-- WHAT THE TASK REQUIRES --
Beginning at the top of the data below, restate every line word for word until the line containing "Дверь Заводские двери" has been included, and omit the pictures.

-- ENTRIES SHOWN --
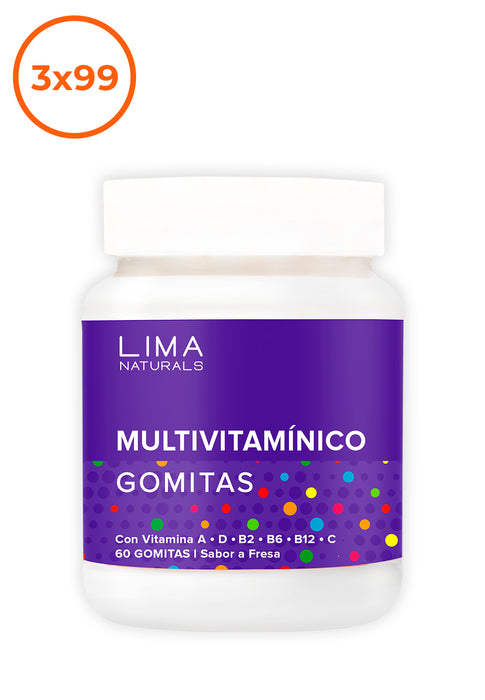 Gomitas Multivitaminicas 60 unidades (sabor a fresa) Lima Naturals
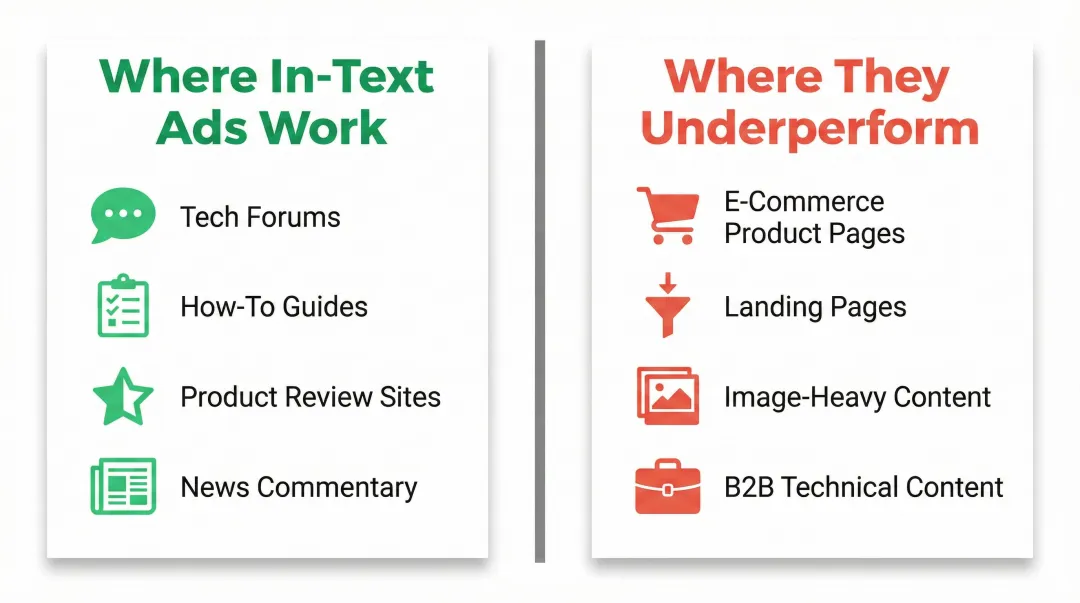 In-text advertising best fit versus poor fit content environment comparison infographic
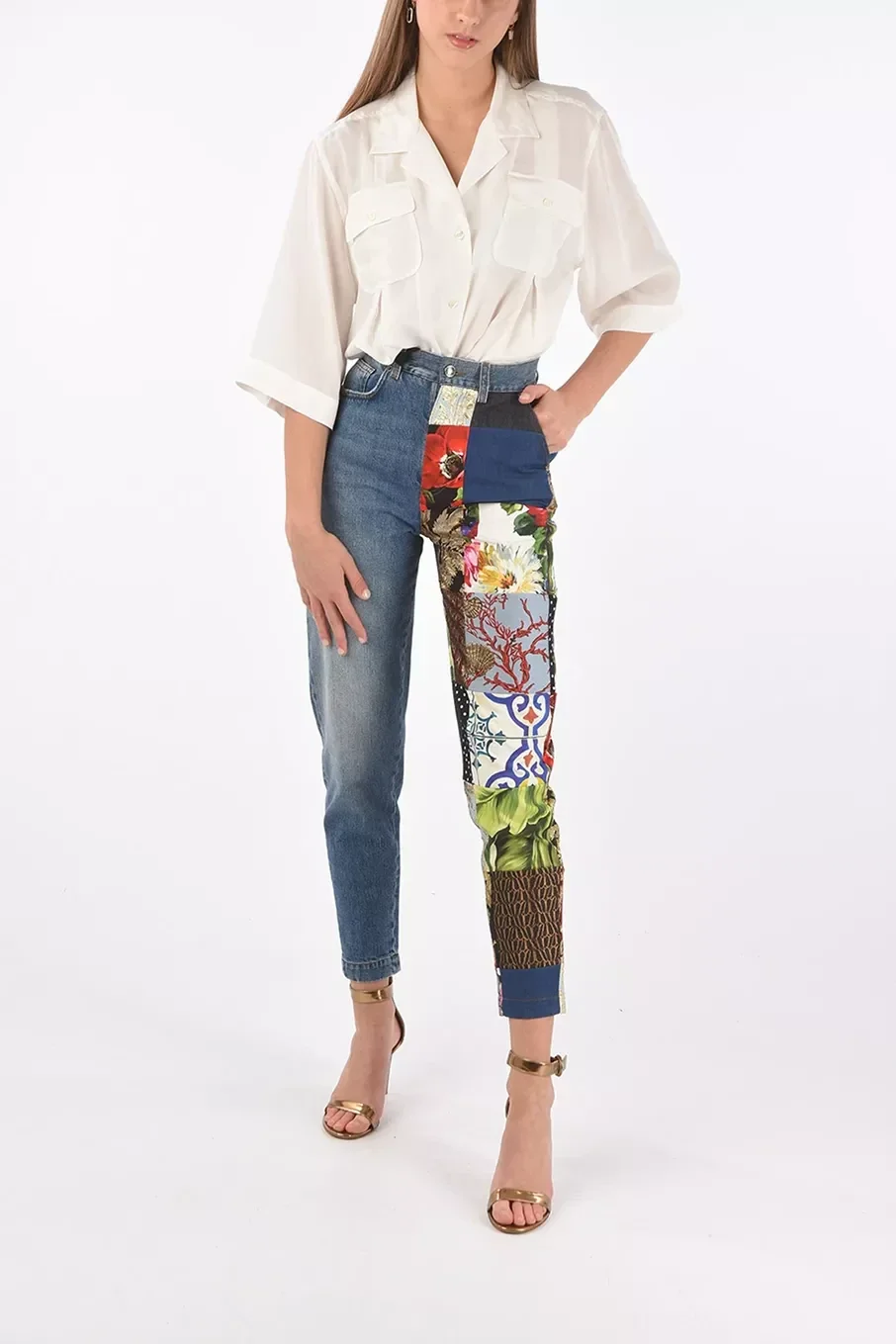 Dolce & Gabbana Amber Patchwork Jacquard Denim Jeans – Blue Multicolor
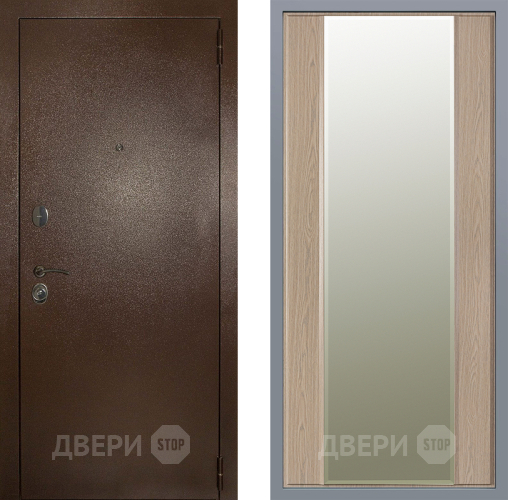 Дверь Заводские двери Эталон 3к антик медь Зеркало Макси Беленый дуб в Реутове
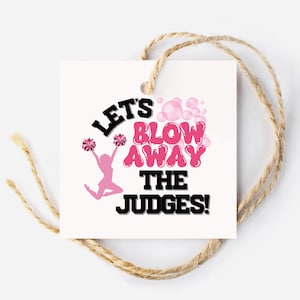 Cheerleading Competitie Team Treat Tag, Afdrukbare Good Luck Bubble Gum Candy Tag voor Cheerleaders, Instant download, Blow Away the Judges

-- SOLUTION TO THE PROBLEM --
 Gomitas Multivitaminicas 60 unidades (sabor a fresa) Lima Naturals
 In-text advertising best fit versus poor fit content environment comparison infographic
 Dolce & Gabbana Amber Patchwork Jacquard Denim Jeans – Blue Multicolor
 Дверь Заводские двери Эталон 3к антик медь Зеркало Макси Беленый дуб в Реутове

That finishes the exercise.